FWSM/contextb# show run
: Saved
:
FWSM Version 3.1(4) <context>
!
hostname contextb
enable password 8Ry2YjIyt7RRXU24 encrypted
names
!
interface Vlan50
nameif inside
security-level 100
ip address 172.2.2.10 255.255.255.0 standby 172.2.2.11
!
interface Vlan51
nameif outside
security-level 0
ip address 11.2.2.10 255.255.255.0 standby 11.2.2.11
asr-group 1

! ASR group 1 is configured for the interface in the outside security domain

passwd 2KFQnbNIdI.2KYOU encrypted
access-list 100 extended permit ip any any
access-list 101 extended permit ip any any
pager lines 24
mtu inside 1500
mtu outside 1500
monitor-interface inside
monitor-interface outside
icmp permit any inside
icmp permit any outside
no asdm history enable
arp timeout 14400
global (outside) 1 11.2.2.0 netmask 255.255.255.0
nat (inside) 1 0.0.0.0 0.0.0.0
access-group 101 in interface inside
access-group 101 out interface inside
access-group 101 in interface outside
access-group 101 out interface outside
route outside 0.0.0.0 0.0.0.0 11.2.2.3 1
timeout xlate 3:00:00
timeout conn 1:00:00 half-closed 0:10:00 udp 0:02:00 icmp 0:00:02
timeout sunrpc 0:10:00 h323 0:05:00 h225 1:00:00 mgcp 0:05:00
timeout mgcp-pat 0:05:00 sip 0:30:00 sip_media 0:02:00
timeout uauth 0:05:00 absolute
no snmp-server location
no snmp-server contact
telnet timeout 5
ssh timeout 5
!
class-map inspection_default
match default-inspection-traffic
!
policy-map global_policy
class inspection_default
 inspect dns maximum-length 512
 inspect ftp
 inspect h323 h225
 inspect h323 ras
 inspect netbios
 inspect rsh
 inspect skinny
 inspect smtp
 inspect sqlnet
 inspect sunrpc
 inspect tftp
 inspect sip
 inspect xdmcp
!
service-policy global_policy global
Cryptochecksum:b59531047507cf7e9ee7effb2cce9a21
: end

Summary

Asymmetric routing is the traversal of a packet from a source to a destination in one path, and follows a different path when the packet returns to the source.

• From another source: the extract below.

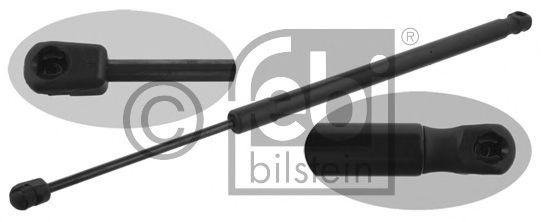 Amortizor portbagaj VW TOURAN (1T3) (2010 - 2015) FEBI BILSTEIN 37482 piesa NOUA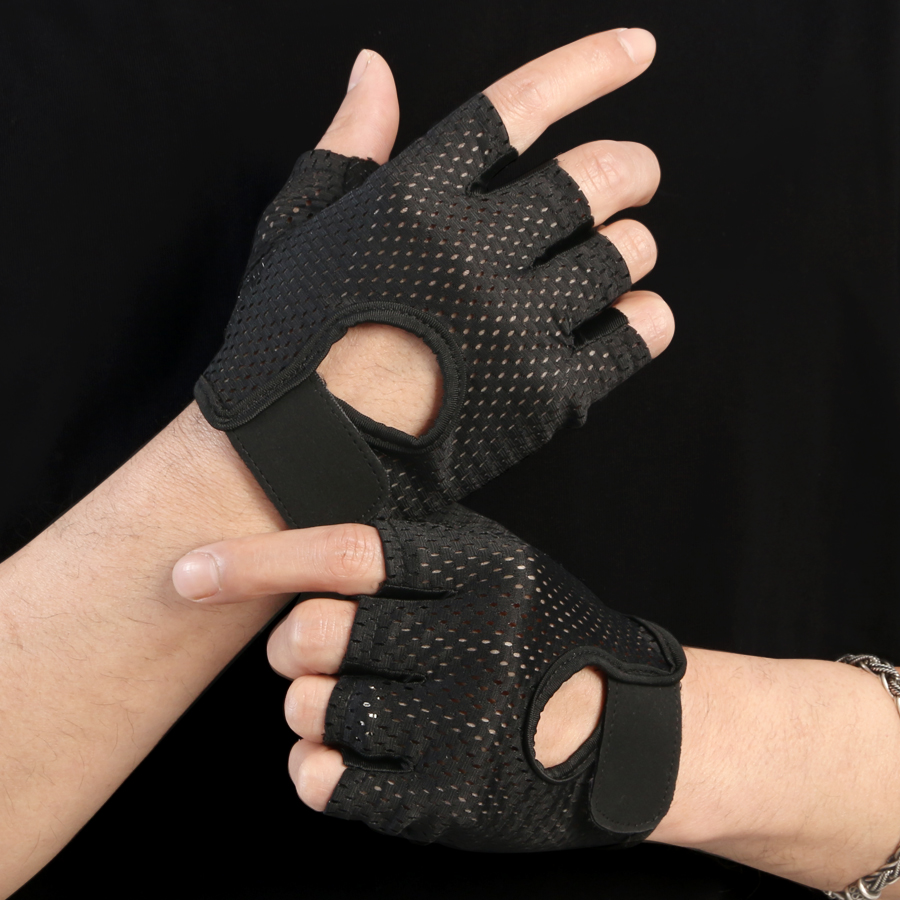Weight Lifting Gloves Full Pal - Weightlifting Gloves 评论和价格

Asymmetric routing is seen in the Layer 3 environment and does not cause a problem by itself. Asymmetric routing with firewalls causes issues. After reading this chapter, the reader will know to overcome asymmetric routing issues in a network with FWSM. It is a good practice to follow the design options for symmetric routing. The reader will also know to enable the ASR feature to support asymmetric routing for the FWSM with the 3.1 code version or later.